Next we have the case where both doublets and the singlet are part of different types of vertices. We get N = 2/(2/R1 + 2/R2 + 1/R1 - 3/2). From (7) we know that R1 and R2 both must be even, and thus 4 or greater, so we get no solutions.

We turn to the last case, namely all singlet corner types. If all but one are part of one type of vertex, we get N = 2/(4/R1 + 1/R2 - 3/2), and R1 even. We have already shown that this has no solutions. Next we consider the case where 3 corner types are part of one type of vertex, and the remaining two both are part of another type. We get N = 2/(3/R1 + 2/R2 - 3/2), with R2 even and R1 a multiple of 3 (from (8)).
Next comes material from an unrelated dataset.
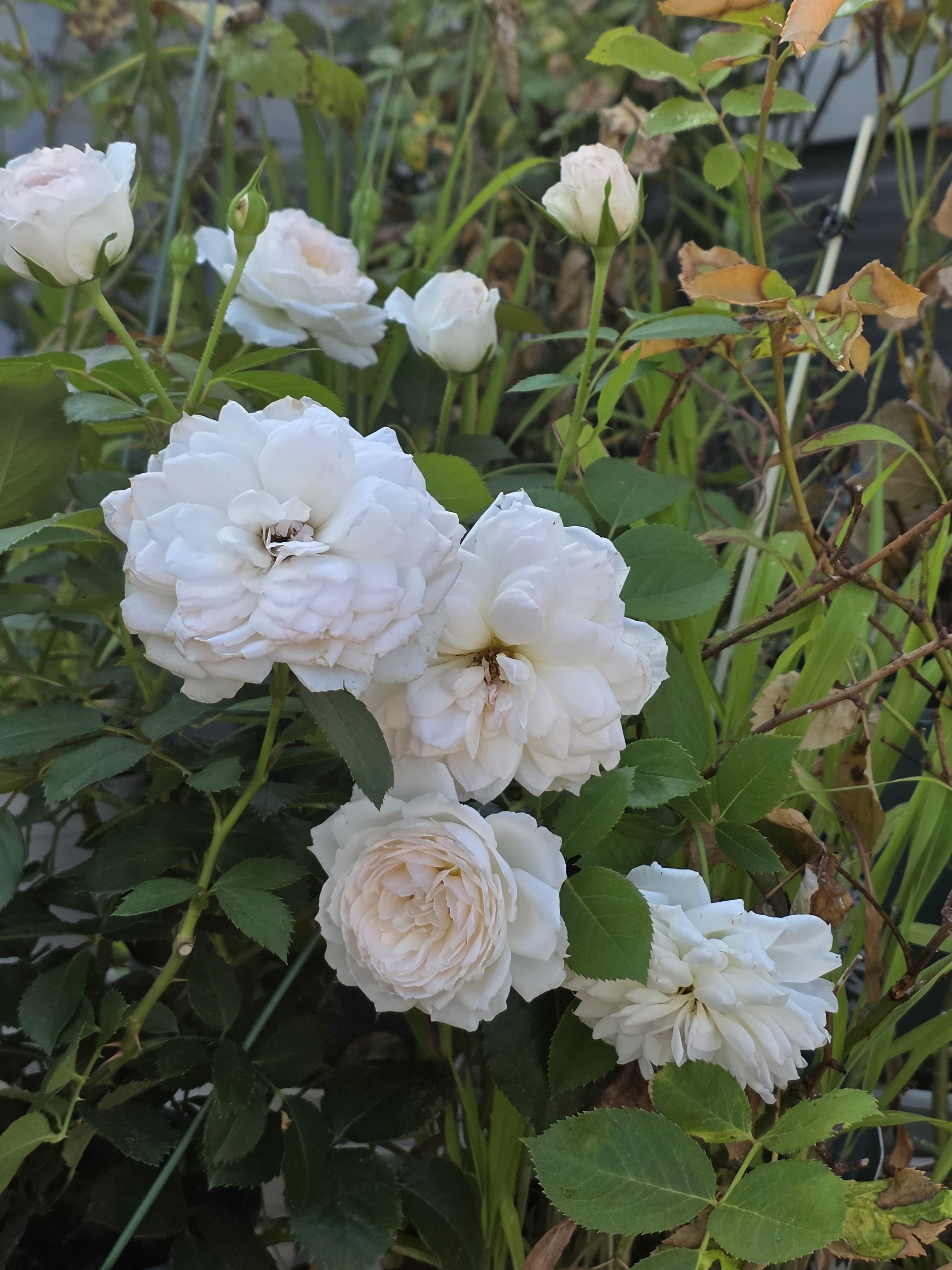 6c67a1215d6cb.jpg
This has no solutions. The next case has one type of vertex with three corner types, and two vertices with one corner type. We get N = 2/(3/R1 + 1/R2 + 1/R3 - 3/2), R1 a multiple of 3. This has these solutions:

(Æ) N=12, M=5, R1=3, V1=12, R2=R3=3, V2=V3=4 (another deform
dodecahedron)

(Ø) N=24, M=5, R1=3, V1=24, R2=3, V2=8, R3=4, V3=6

(Å) N=60,
M=5, R1=3, V1=60, R2=3, V=20, R3=5, V3=12

We can make (Ø) by placing sets of four pentagons on each face of a cube, turned a bit to make the corners interlace. (Å) can be made in a similar manner from a dodecahedron. Even though the faces connect asymmetrically, these polyhedrons can be built with faces that have bilateral symmetry (if you don't consider how they connect).
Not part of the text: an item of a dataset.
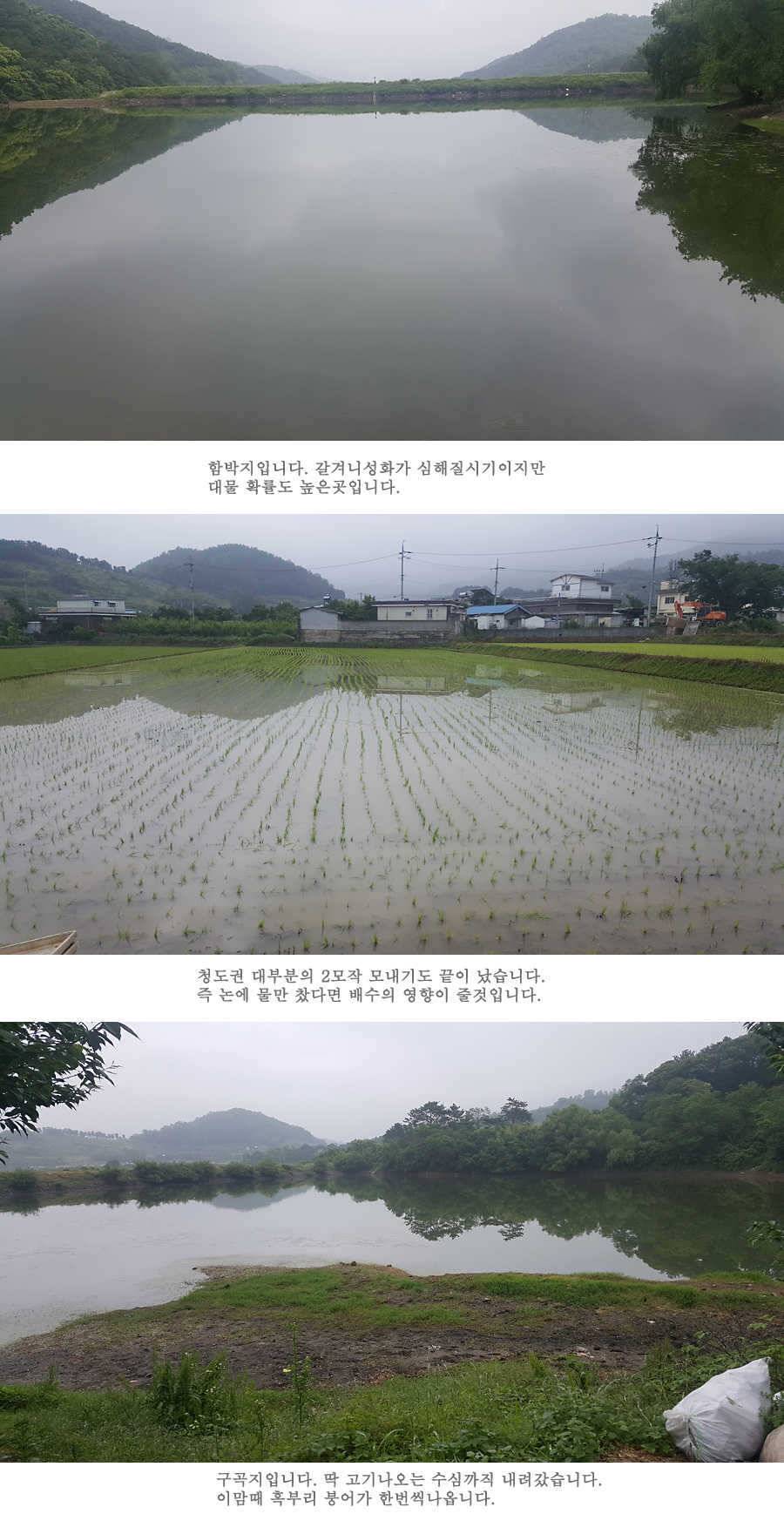 청도권 지난주 조황입니다 (조황조행기 - 특파원조황)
The next case has two vertex types each with two corner types, and one vertex type with only one. We get N = 2/(2/R1 + 2/R2 + 1/R3 - 3/2), R1 and R2 both even (from (8)). This has no solutions. The next case has one vertex type with two corner types, and three vertex types with only one corner type. We get N = 2/(2/R1 + 1/R2 + 1/R3 + 1/R4 - 3/2), R1 even, and this also has no solutions. The last case has five different vertexes, each made from one corner type. (7) requires all of the vertices to have even rank, which cannot have a solution.

We now have gone through all the possibilities. There can be no proper dice except those mentioned in the solutions (A) to (Å) above. We have made no requirements that the faces or edges must be non-curving, but it can be shown (by example) that all the solutions for M = 3, 4, or 5 can be made with non-curving faces and edges, as I have suggested in the text (and will show for some in illustrations below). In fact, I'm pretty sure (but offer no proof) that all of these can be made so all vertex points touch an enclosing sphere.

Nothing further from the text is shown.